Terror travel suspect arrested

People’s Party (ÖVP) Interior Minister Johanna Mikl-Leitner has revealed intentions to implement stricter laws after an alleged organiser of trips to terror camps in Pakistan was put in detention.

The minister explained today (Fri) she will meet ÖVP Justice Minister Beatrix Karl for talks over the issue. Mikl-Leitner – who was sworn in last April – said she was in favour of making “preaching of hate” a punishable act. The interior minister added agitators and people encouraging others to carry out terrorist actions should be sanctioned more stringently.

The suggestions of Mikl-Leitner – who recently set up a new anti-cyber crime unit –  need the support of her party’s coalition partner, the Social Democrats (SPÖ), if they should reach legal status.

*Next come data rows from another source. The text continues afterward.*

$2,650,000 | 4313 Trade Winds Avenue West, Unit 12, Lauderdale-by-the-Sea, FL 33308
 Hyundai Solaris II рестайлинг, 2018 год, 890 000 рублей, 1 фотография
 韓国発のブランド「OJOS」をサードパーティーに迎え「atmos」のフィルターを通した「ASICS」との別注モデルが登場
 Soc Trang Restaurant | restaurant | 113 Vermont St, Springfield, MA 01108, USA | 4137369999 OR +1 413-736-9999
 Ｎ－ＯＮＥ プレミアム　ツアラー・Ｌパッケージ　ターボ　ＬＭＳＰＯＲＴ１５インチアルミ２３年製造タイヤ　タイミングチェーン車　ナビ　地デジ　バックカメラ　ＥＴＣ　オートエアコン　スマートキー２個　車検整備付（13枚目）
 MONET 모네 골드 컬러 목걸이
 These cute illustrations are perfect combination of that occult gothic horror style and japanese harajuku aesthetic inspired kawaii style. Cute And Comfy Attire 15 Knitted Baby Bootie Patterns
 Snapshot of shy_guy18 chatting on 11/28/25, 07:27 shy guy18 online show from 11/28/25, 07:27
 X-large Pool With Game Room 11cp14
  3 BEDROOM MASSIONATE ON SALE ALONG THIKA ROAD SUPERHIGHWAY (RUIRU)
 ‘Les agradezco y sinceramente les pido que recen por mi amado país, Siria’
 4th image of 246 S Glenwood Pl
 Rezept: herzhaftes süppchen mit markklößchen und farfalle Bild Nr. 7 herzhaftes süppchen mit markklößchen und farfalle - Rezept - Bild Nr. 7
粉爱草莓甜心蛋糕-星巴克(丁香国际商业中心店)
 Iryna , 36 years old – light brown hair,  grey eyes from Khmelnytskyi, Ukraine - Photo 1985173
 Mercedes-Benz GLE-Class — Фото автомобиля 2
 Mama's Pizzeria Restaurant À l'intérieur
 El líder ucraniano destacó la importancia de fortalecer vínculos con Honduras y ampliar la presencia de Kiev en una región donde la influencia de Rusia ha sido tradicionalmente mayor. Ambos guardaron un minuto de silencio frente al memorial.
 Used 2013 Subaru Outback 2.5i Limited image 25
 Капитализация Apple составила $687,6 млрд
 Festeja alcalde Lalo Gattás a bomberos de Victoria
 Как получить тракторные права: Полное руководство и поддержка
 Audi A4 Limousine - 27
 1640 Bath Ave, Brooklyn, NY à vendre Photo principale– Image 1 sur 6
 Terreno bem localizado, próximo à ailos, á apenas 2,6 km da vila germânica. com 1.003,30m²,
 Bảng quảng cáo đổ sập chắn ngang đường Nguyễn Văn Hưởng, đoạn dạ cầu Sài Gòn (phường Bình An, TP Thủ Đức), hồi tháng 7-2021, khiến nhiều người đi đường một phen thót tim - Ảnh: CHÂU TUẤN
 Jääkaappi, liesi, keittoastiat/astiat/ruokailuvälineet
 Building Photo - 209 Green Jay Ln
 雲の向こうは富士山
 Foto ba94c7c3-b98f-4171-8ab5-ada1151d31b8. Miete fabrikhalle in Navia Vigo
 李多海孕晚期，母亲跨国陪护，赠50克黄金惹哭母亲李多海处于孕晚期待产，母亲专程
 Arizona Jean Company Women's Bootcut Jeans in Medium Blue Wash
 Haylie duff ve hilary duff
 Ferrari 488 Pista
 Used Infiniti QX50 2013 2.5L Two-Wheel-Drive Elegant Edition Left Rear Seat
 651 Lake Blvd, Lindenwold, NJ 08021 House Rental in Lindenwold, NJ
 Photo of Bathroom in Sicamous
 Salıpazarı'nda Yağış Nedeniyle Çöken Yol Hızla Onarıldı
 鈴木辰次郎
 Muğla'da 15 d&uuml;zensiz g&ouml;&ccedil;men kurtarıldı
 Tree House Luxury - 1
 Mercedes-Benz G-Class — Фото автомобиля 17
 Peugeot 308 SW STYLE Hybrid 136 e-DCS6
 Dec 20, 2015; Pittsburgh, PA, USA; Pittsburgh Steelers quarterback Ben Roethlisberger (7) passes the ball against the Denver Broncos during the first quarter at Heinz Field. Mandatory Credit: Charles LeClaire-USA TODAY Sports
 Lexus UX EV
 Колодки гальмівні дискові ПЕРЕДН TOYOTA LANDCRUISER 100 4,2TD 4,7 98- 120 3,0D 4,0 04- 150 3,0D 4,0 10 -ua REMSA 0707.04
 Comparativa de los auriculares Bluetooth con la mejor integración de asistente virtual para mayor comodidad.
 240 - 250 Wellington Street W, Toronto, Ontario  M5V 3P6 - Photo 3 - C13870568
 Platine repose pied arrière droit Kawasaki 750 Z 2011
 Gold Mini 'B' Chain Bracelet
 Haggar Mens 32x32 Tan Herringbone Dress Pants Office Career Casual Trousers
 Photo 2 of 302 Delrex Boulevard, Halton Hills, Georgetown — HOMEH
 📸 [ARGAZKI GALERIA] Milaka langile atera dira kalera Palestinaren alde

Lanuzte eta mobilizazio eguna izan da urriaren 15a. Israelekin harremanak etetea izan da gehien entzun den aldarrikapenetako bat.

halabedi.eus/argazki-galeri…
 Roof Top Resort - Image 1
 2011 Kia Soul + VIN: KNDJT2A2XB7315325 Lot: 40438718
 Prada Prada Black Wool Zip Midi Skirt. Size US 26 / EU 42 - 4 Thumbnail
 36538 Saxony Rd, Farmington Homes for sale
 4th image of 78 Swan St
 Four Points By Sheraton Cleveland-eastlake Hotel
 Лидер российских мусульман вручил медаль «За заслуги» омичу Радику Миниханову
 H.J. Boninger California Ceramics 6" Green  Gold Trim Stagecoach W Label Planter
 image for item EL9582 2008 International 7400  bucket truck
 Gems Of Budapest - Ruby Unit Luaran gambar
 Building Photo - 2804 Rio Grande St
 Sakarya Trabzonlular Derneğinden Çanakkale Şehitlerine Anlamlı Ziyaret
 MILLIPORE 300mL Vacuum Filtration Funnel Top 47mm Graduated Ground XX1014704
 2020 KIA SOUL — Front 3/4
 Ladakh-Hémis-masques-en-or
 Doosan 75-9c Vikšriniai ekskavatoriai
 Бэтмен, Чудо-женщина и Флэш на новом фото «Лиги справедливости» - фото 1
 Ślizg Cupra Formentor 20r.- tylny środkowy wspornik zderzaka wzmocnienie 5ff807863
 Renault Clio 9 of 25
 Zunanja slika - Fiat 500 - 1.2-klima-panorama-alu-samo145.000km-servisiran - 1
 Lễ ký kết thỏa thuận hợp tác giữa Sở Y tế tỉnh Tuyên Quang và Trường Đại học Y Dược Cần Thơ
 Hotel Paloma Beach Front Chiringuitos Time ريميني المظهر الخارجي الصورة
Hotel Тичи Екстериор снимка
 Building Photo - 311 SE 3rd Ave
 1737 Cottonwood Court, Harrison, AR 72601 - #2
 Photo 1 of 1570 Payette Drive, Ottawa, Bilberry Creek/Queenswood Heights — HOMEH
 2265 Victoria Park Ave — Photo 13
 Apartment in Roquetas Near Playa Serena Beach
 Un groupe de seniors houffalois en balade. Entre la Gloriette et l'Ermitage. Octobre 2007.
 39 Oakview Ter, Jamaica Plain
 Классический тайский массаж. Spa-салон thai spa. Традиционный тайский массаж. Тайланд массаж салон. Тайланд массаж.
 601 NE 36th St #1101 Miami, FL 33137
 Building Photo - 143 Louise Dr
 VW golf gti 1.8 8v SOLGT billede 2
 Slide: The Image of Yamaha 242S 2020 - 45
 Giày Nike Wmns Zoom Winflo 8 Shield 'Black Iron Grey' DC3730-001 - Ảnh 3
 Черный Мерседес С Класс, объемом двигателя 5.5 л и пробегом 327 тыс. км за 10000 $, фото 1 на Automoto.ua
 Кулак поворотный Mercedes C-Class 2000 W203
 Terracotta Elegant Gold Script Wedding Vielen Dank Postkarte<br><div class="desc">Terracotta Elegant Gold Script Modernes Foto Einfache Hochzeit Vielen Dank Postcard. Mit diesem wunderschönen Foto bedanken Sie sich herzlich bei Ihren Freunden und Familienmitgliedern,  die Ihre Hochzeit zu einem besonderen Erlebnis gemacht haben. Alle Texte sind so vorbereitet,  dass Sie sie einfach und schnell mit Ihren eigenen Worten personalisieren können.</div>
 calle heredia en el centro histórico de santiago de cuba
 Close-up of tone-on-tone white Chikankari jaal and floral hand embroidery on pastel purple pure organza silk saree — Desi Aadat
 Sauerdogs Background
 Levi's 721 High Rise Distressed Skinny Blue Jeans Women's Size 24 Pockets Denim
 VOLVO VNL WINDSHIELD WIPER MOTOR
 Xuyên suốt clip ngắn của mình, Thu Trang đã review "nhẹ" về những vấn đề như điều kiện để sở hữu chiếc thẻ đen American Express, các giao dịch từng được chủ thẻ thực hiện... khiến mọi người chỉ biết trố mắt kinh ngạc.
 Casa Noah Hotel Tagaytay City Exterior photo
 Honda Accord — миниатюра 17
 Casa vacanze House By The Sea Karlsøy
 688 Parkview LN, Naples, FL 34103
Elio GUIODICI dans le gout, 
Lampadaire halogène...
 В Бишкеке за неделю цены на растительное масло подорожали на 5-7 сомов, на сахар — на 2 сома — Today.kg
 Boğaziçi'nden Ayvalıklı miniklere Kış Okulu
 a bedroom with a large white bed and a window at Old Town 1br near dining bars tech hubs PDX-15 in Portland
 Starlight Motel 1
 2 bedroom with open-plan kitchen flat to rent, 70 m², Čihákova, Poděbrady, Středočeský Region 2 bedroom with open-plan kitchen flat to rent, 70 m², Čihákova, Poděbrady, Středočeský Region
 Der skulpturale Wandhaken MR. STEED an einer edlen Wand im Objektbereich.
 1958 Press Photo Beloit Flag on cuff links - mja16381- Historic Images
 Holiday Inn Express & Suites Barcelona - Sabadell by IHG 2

The minister vowed anti-terror investigators will receive highly developed equipment. She made clear Austria would show “no tolerance” towards terrorist tendencies. Mikl-Leitner, who is considered to be a hardliner about immigration issues, added her ministry was willing to “start a dialogue” with Austria’s Muslims to prevent people from drifting into terrorism.

Her statements come two days after a 25-year-old Austrian was arrested at Vienna International Airport (VIA or VIE). The man is accused of organising journeys to so-called terror camps in Pakistan. Three other people put in custody as part of the same police operation were released a few hours later. Investigators assume they planned to attend camps managed by feared militant group al-Qaeda. The suspects – who had been under surveillance for months, according to a spokesman for the interior ministry – told police they wanted to visit a school teaching the theories of Islam. The spokesman announced today that the 25-year-old alleged organiser of the trip remains in detention as investigations continue.

Meanwhile, the head of a mosque in Vienna has claimed he was aware of other mosques in the city attended by radical Islamists. The man said he had no idea why newspapers identified his mosque – located in the district of Favoriten – as a possible meeting point of terror-endorsing Muslims. He said there were other such institutions in the Austrian capital where people of such mindset were meeting.

Around half a million of the 8.5 million people living in Austria are Muslims. While experts rule out that the country is a target of terrorists, Freedom Party (FPÖ) General Secretary Harald Vilimsky infuriated political rivals, non-government organisations (NGOs) and sociologists by branding the country’s mosques as “hotbeds of radical Islam.”